Case
A 21-year-old male patient with cystic fibrosis (CF) presented to consultation with a history of steatorrhea for four months, without weight loss or abdominal pain. He had been submitted to a lung transplant two years before. The blood tests were unremarkable, except for a normocytic normochromic anemia (hemoglobin level: 12.4 g/dL). The stool test revealed a markedly reduced elastase level (<15µg/g versus a reference level >200 µg/g), in keeping with severe exocrine insufficiency.
Abdominal computed tomography (CT) followed by magnetic resonance with cholangiopancreatography (MRCP) were requested to evaluate the pancreatic parenchyma. The CT (Fig. 1) and MR (Fig. 2) showed an enlarged pancreas, with loss of its lobulated contour and total fatty replacement of the parenchyma. There were no calcifications or other abnormalities of the main pancreatic duct.
Discussion
Complete fatty replacement of the pancreas is typically associated with genetic conditions, such as CF, Shwachman- Diamond syndrome and Johanson-Blizzard syndrome. A lower degree of infiltration can be seen more commonly in elderly patients and in those with obesity, diabetes mellitus, steroid intake or chronic pancreatitis.(1)

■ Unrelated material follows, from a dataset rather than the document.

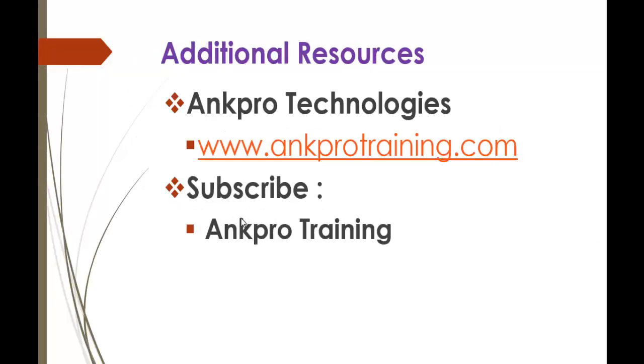Thank you for listening. Have a great day. Please subscribe to our YouTube channel, AngPro Training. And finally, don't forget to give the feedback.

The pancreas is the abdominal organ more frequently affected in patients with CF.(2) Moreover, fatty replacement of the pancreas can be found in 51 to 75% of the patients with CF and it is the most common pancreatic abnormality seen in this disease.(1) Mutations in the CFTR gene (CF transmembrane conductance regulator) lead to the impaction of thick mucus in the pancreatic ducts, which results in ductal obstruction followed by progressive fat deposition in the acinar cells. In fact, the degree of fat infiltration on imaging correlates with the degree of exocrine insufficiency.(2,3)
The fatty replacement of the pancreas in patients with CF can be focal or diffuse. Furthermore, it can be associated with pancreatic atrophy, but a smaller portion of patients may present a pseudohypertrophic appearance of the pancreas,(2) as seen in this case.
Other pancreatic manifestations of CF are chronic pancreatitis, pancreatic fibrosis and pancreatic cystosis.(1) Exocrine insufficiency management in patients with CF relies on pancreatic enzyme replacement associated with lifestyle modifications.(2)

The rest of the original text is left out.